Income distribution in the United States
In the United States, income has become distributed more unequally
over the past 30 years, with those in the top quintile (20 percent)
earning more than the bottom 80 percent combined.
Income distribution in the United Kingdom
Inequality
in the UK has been very high in the past, and did not change much until
the onset of industrialization. Incomes used to be remarkably
concentrated pre-industrial evolution: up to 40% of total income went into the pockets of the richest 5%.

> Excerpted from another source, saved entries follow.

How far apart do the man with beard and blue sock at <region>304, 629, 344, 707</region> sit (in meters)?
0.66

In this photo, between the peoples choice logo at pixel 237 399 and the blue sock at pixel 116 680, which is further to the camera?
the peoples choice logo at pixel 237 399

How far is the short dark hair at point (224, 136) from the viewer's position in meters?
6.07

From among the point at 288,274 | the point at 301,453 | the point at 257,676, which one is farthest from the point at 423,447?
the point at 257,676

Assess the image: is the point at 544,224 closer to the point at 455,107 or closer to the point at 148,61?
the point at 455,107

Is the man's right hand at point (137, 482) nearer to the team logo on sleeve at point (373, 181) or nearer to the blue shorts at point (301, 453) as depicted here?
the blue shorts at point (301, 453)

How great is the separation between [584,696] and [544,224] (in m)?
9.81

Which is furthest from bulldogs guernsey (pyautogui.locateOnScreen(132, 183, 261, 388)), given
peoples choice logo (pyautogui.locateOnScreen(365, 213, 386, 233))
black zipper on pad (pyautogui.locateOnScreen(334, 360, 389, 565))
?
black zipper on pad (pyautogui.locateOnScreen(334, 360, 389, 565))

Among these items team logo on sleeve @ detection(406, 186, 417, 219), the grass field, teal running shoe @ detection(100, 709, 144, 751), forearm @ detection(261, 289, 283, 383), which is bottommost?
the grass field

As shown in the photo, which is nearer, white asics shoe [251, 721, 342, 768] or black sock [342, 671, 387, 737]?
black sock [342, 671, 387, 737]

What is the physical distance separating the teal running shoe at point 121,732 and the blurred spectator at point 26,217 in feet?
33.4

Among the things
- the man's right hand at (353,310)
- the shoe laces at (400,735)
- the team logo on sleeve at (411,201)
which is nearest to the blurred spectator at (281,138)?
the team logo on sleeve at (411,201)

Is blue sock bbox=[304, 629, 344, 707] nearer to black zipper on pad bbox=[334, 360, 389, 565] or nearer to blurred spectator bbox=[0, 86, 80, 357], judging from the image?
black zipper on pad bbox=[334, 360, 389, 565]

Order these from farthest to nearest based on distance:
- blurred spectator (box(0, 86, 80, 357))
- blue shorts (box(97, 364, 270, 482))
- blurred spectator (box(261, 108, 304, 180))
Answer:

In the more recent years income distribution is still an issue. The UK
experienced a large increase in inequality during the 1980s—the incomes
of the highest deciles increase while everyone else was stagnant. Uneven
growth in the years leading up to 1991 meant further increases in
inequality. Throughout the 1990s and 2000s, more even growth across the
distribution meant little changes in inequality, with rising incomes
for everybody. In sight of Brexit, there is more predicted income distribution discrepancies between wages.